## PROBLEM DETAILS
Emit a verbatim copy of the lines below from the line with "Qianwei 2 figuras" through the line with "DIY Yellow Rose Paper Flower SVG Template", excluding pictures and everything outside that range.

## MATERIAL TO PROCESS
──────────────────────────────

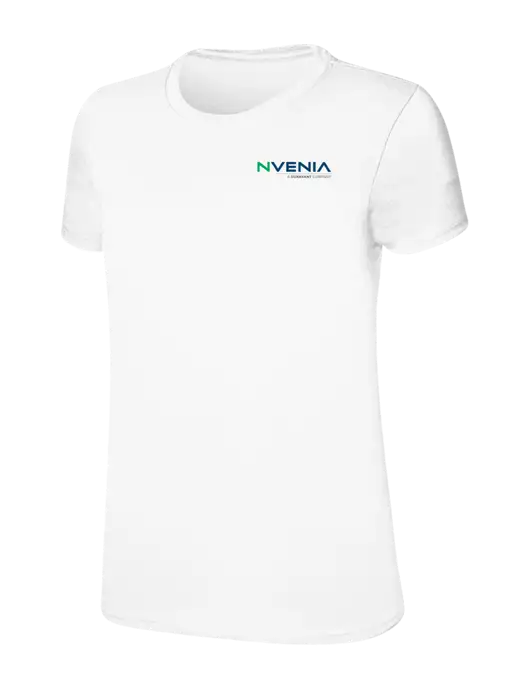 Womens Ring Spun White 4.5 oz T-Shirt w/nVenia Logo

──────────────────────────────

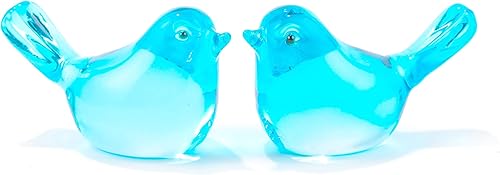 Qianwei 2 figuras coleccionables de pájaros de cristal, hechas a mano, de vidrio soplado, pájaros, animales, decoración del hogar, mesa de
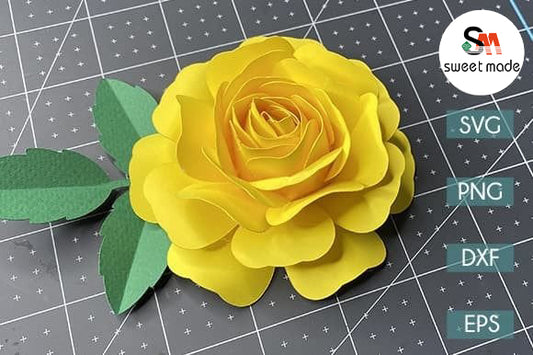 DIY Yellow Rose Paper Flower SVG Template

──────────────────────────────

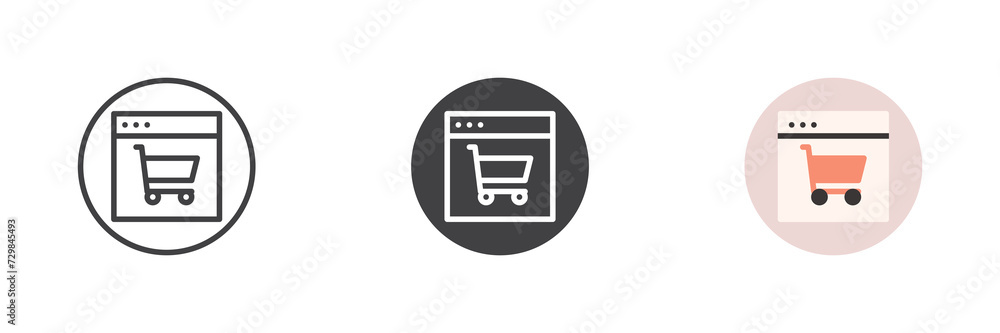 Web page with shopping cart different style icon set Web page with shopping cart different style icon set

──────────────────────────────

## FINISHED TASK
 Qianwei 2 figuras coleccionables de pájaros de cristal, hechas a mano, de vidrio soplado, pájaros, animales, decoración del hogar, mesa de
 DIY Yellow Rose Paper Flower SVG Template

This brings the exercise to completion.